HOW DO YOU remotely hack a computer that is not connected to the internet? Most of the time you can’t, which is why so-called air-gapped computers are considered more secure than others.The military actually uses several different systems for different levels and types of classification. By far the biggest one is the SIPRnet, which handles information rated SECRET and below. The SIPRnet is huge, comprising thousands of computers across the globe, but it is connected at no point to the commercial internet. Because of the dangers of removable media like thumbdrives, those are forbidden to be connected to the SIPRnet. The computers themselves have to be physically secured, usually by being kept on a military base.
An air-gapped computer is one that is neither connected to the internet nor connected to other systems that are connected to the internet.... A true air gap means the machine or network is physically isolated from the internet, and data can only pass to it via a USB flash drive, other removable media, or a firewire connecting two computers directly. But many companies insist that a network or system is sufficiently air-gapped even if it is only separated from other computers or networks by a software firewall. Such firewalls, however, can be breached if the code has security holes or if the firewalls are configured insecurely.
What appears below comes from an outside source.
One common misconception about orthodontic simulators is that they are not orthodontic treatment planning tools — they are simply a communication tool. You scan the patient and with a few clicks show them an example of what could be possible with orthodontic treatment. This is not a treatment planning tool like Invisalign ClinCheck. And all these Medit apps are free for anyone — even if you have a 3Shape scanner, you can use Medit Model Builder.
If you want to move data from the internet into the SIPRnet, or vice-versa, it used to be possible by writing the data to a writable CD, transferring the data, and then breaking the CD to ensure that copy was destroyed. You could only do this legally with unclassified information. I don't know that CDs are even still allowed, meaning that data has to be physically re-typed from one system to the other (which is what we usually did when porting unclassified information, such as news reports relevant to our operations, into the SIPRnet). Then there is no danger of transferring any hidden malware.
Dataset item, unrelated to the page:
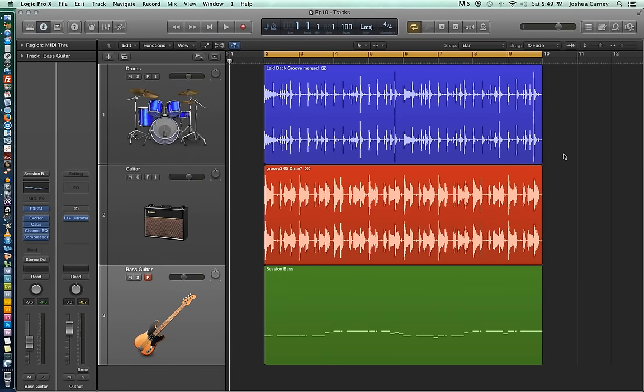Hello, this is Music Tech Help. Welcome to episode 10 of my Logic Pro 10 video tutorial series.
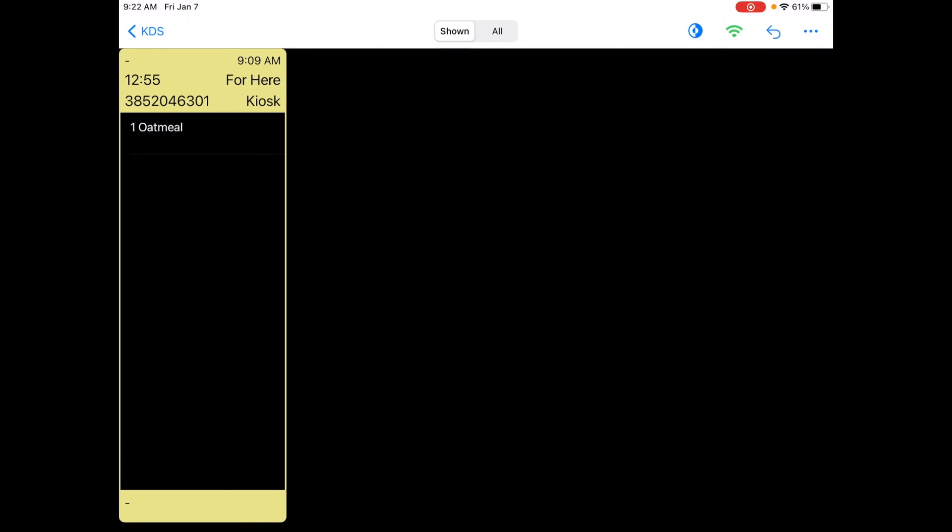So that's how you use the Flash Order KDS. Very simple to set up with the Square POS and a really effective way to manage your orders in the back of your house.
Smaller and more secure systems handle Top Secret information, such as JWICS. Being kept on a base isn't good enough for a JWICS computer: it has to be kept locked in a proper SCIF. In addition, of course, it's password protected and requires a physical card identifying the user that is itself coded with information about your security clearance.
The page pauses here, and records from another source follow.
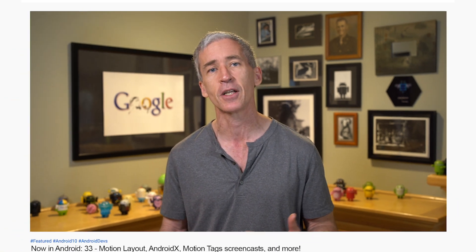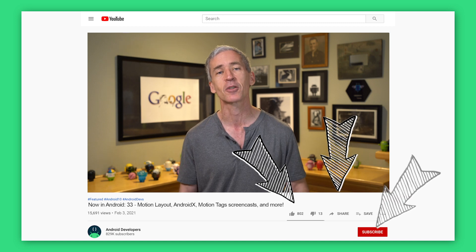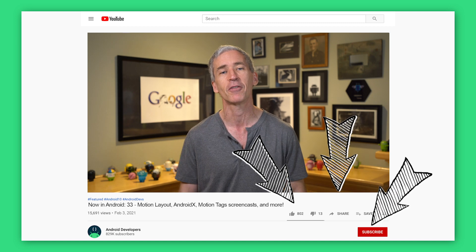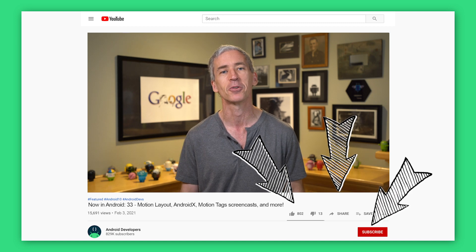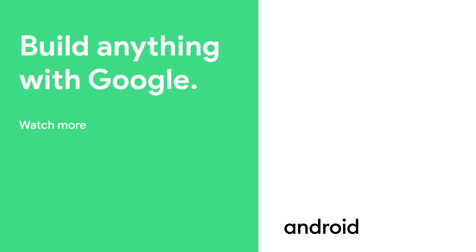Check out that podcast. Check out the article for Now in Android 33 for all the links to everything I mentioned here. And if you like the video, go ahead and like, share, and subscribe to the Android Developers channel on YouTube. Thanks, I'll see you guys next time. Bye-bye.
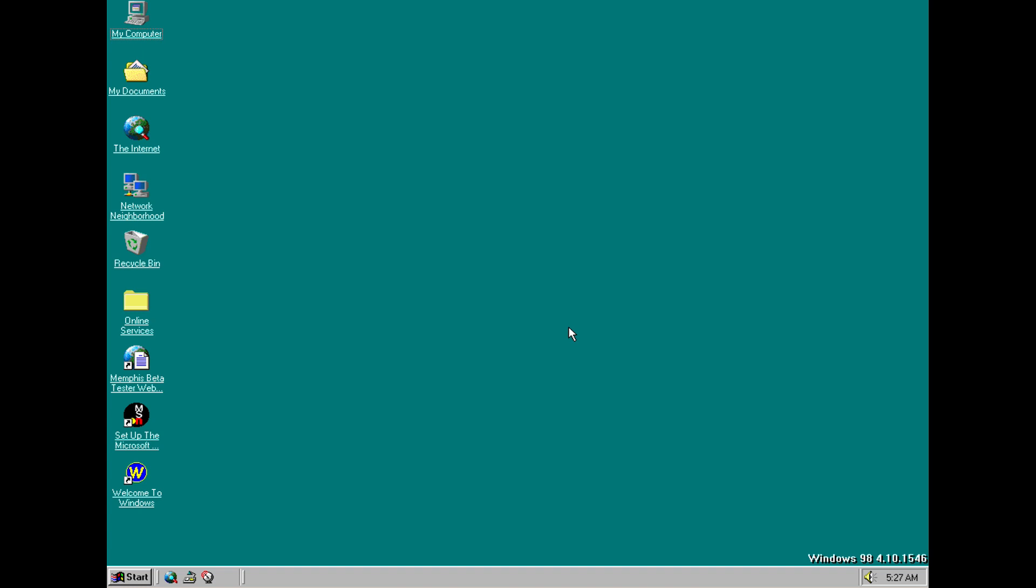And that is really everything that I've noticed in build 1546 of Windows 98. As usual if there is anything I've missed or if you have any corrections any questions any comments please leave them in the comments below and I look forward to seeing you in the next episode, I will see you then.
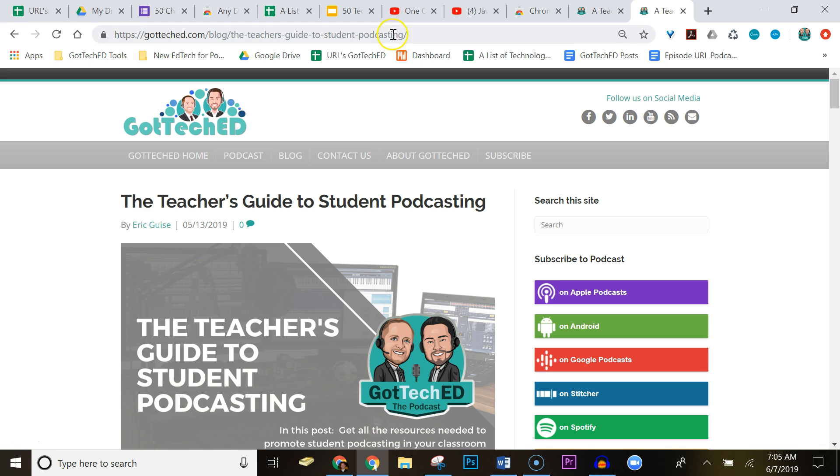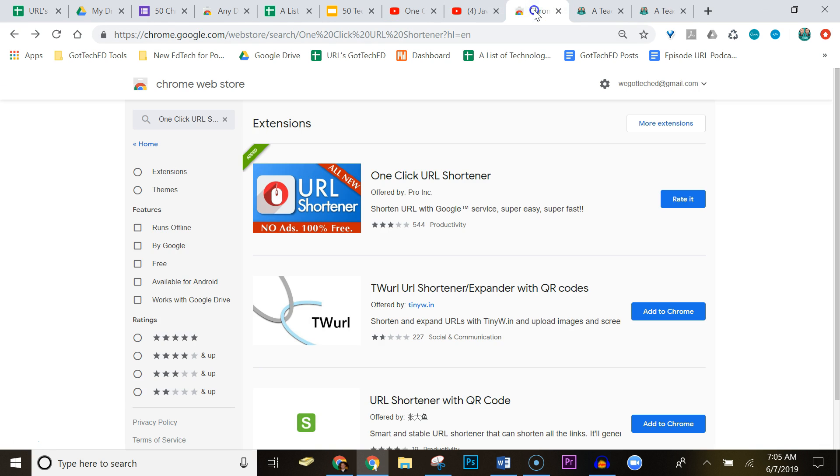So once again, make sure that you're heading over to the Chrome store and downloading One Click URL Shortener.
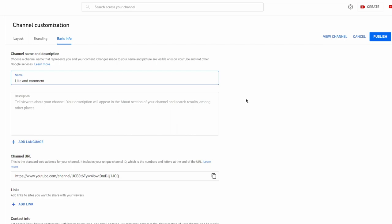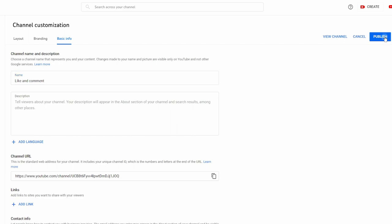It's that easy changing your name. Once you've finished, press Publish. This will save everything.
So how did this classified information get out of the classified, air-gapped networks and onto Clinton's server in the first place? There are really only two possibilities.
1) Someone, or a team of someones, illegally downloaded the material onto removable media, stripped it of its classification markings, and transmitted it onto the public internet.
2) Clinton arranged to have her private server networked with SECRET and TOP SECRET systems, compromising the security of all the information kept on those systems. If you could hack into her system, which was secured by a truly first-rate organization that made copies of the data and then sold the server on which they resided, you could bypass the air gap and get into nearly all of America's most classified data.
Option (1) is a clear felony, one that would have required numerous man-hours of labor given the number of classified records now turning up. It would have been fairly tedious, too, which means that the work would be passed down to flunkies who probably don't want to go to prison forever -- but their records of accessing the data just before the emails were sent on Clinton's private server will be recorded, because they had to log in and be physically present with their ID cards to do it. It should be possible to find these people and apply pressure to them until they crack and cooperate in return for reduced sentences.
Option (2) is a disaster of unimaginable proportions. However, it would have made it very easy for Clinton to access the information and move data back and forth between her private system and the systems used to communicate with her diplomats in the field. For that reason, I suspect it will prove to be the one she actually employed.